Robotics training infrastructure startup XDOF has secured $70 million in new funding to address a critical bottleneck in artificial intelligence: teaching machines to navigate the physical world. The round was led by heavyweight investors including Thrive Capital, Spark Capital, Andreessen Horowitz, Lux Capital, and WndrCo.

Alongside the capital raise, the company released ABC-130K, currently the world’s largest open-source bimanual robot manipulation dataset. This resource provides researchers with unprecedented access to high-quality training data, aiming to accelerate development in physical AI just as major players like OpenAI revive their own robotics programs.

While large language models benefit from vast internet data, intelligent robots require nuanced information capturing specific real-world interactions. CEO Philipp Wu notes that this specialized data is virtually non-existent, creating a significant barrier for frontier model makers who cannot rely on low-quality video footage for complex spatial tasks.

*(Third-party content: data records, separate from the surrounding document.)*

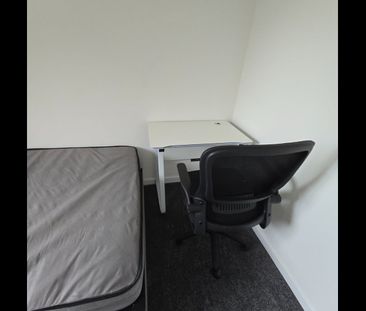 Room in a Shared House, Stanton Road, BS10 - Photo 4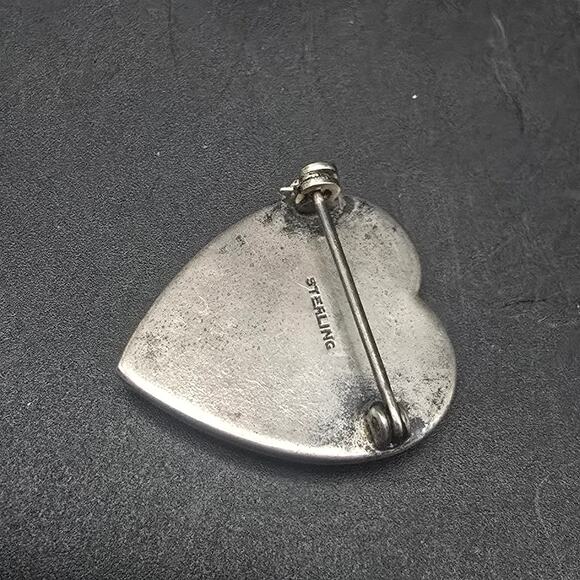 Sterling Silver Morpho Butterfly Wing Brooch Heart Shape Beach Theme - Picture 3 of 5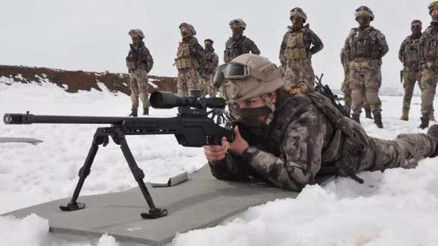 Kadın polisler attığını vuruyor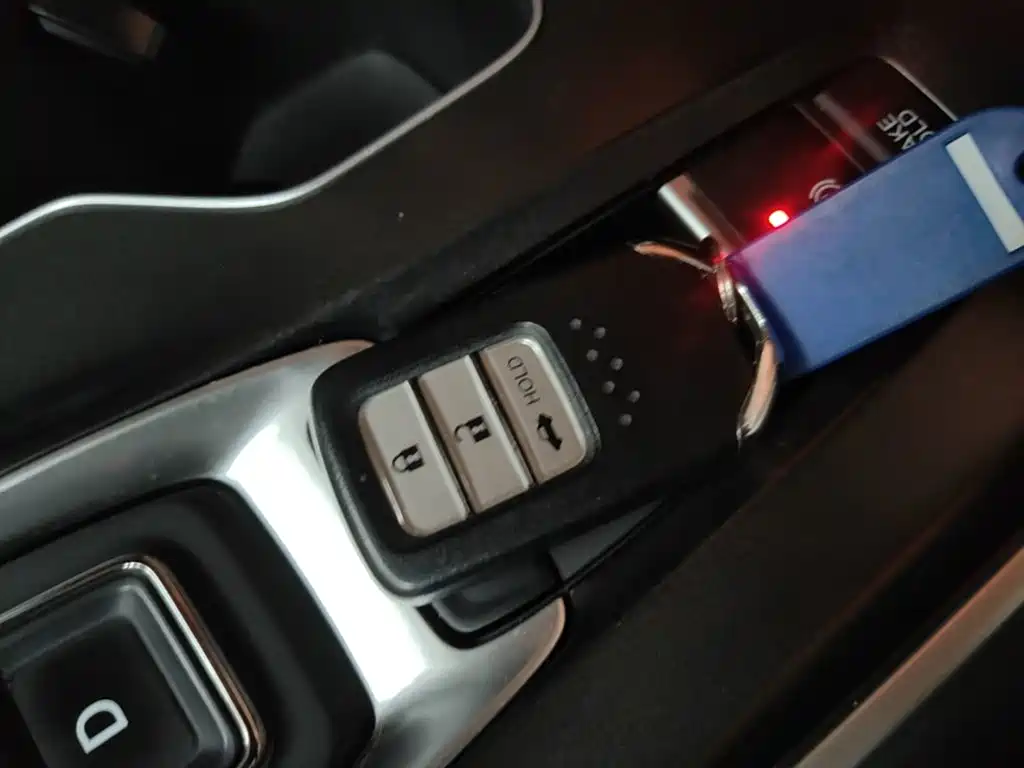 Honda Accord — фото 9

XDOF addresses this gap through specialized data pipelines and annotation systems derived from its GELLO teleoperation project. The company offers bespoke data collection, cleaning services, and proprietary tools to create self-reinforcing feedback loops essential for training foundation models.

The newly released ABC-130K dataset showcases this capability with 130,000 trajectories of robotic manipulation data, alongside hundreds of hours of simulations and evaluations. XDOF has already utilized this data to train robots for precision tasks such as folding textiles and assembling small electronics.

Operating with over 60 employees and approximately 20 active customers, including leading AI labs, XDOF plans to scale using a three-tier data pyramid strategy. Future expansion includes hiring global teleoperators and developing proprietary wearable sensors to ensure human demonstration data aligns perfectly with robotic hand-tracking algorithms.